Rassembler les compétences du groupe Fayat dans les travaux publics pour être plus fort sur le marché des grands projets d'infrastructures en France et à l'international : telle est l'ambition du regroupement des entreprises Razel, Bec, Fayat TP et Cari Travaux Publics dans un même pôle dénommé « Razel-Bec ».

 

Laurent Fayat, directeur général de Fayat et président de Razel, et Jérôme Perrin, directeur général de Razel et futur directeur général de la nouvelle entité, détaillent pour Le Moniteur les raisons de cette fusion et les ambitions du groupe. Fort de 5 400 collaborateurs, Razel-Bec pèsera environ 800 millions de chiffre d'affaires en 2012.

 

Vous structurez un pôle travaux publics baptisé «Razel-Bec» au sein de Fayat. Quel sera son périmètre ?

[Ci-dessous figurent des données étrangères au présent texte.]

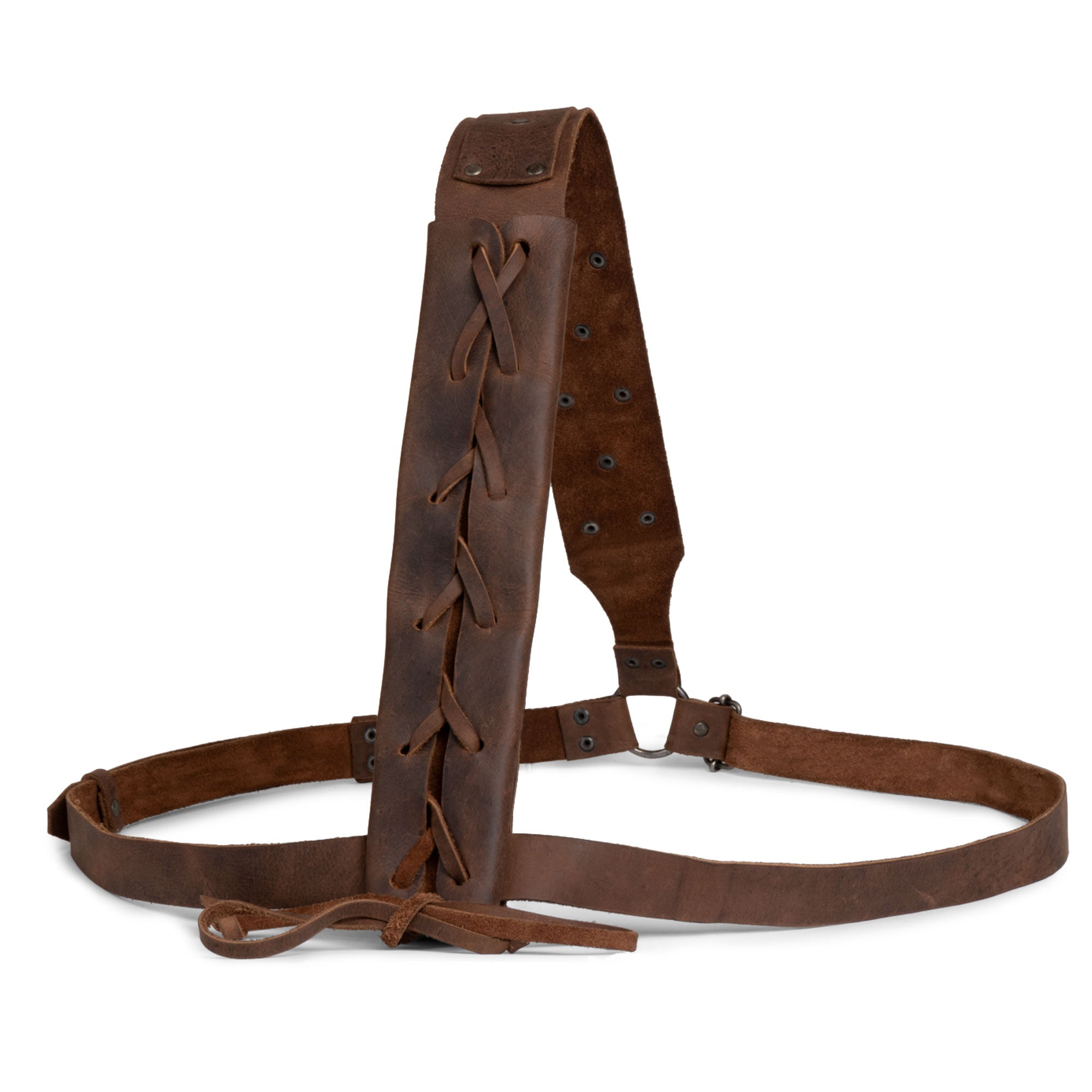 The Medieval Back Sword Shoulder Frog by Valhalla Gear, featuring a beautifully finished full grain leather harness, suitable for Renaissance sheath holster. It's perfect for knight cosplay and warrior costumes, showcasing artisan craftsmanship from La Antigua Guatemala.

JP – Comme son nom l'indique, ce pôle rassemblera les entreprises Razel et Bec. Mais il intégrera aussi Fayat TP et l'activité travaux publics de Cari. Ce nouvel ensemble devrait réaliser environ 800 millions de chiffre d'affaires en 2012 et sera un acteur important dans tous ses métiers.

 

Pourquoi ne pas avoir structuré ce pôle avant ?

LF - Par expérience, nous savons qu'un rapprochement rapide crée un choc difficile à gérer. Nous l'avons mesuré lors de la fusion d'Intrafor (acheté à Bouygues en 2003, ndlr) avec Sefi. Les acquisitions de Bec Frères en 2001 et de Razel en 2008 ont été structurantes pour le groupe Fayat au niveau national. Toutes deux ont une culture d'entreprise assez similaire et font quasiment les mêmes métiers. Mais, elles étaient de fait partenaires sur certains grands projets (réacteur Jules Horowitz à Cadarache, aménagement du barrage sur le Rizzanese en Corse, deuxième phase de la LGV Est...). Le système a atteint ses limites. Au moment où la compétition est rude et les prix bas, nous devons gagner en efficacité sur les grands projets. Nous avons laissé le temps aux équipes de mûrir cette évolution. Le temps est maintenant venu d'aller plus loin dans l'intégration.

 

Quelle forme prendra cette opération ?

LF - Tout d'abord une cession partielle de fonds de commerce de Cari TP à Razel s'est effectuée le 1er octobre 2011. Puis une fusion-absorption de Bec par Razel aura lieu début février 2012 avec effet rétroactif au 1er octobre 2011, date de clôture des comptes. La nouvelle organisation comportera 7 directions opérationnelles : nord, sud, génie civil et ouvrages d'art, infrastructures linéaires, grands projets export barrages et souterrains, Afrique, développement durable ainsi qu'un secrétariat général. Elle se met en place progressivement sur le terrain. Une nouvelle identité visuelle sera déployée à compter de février 2012.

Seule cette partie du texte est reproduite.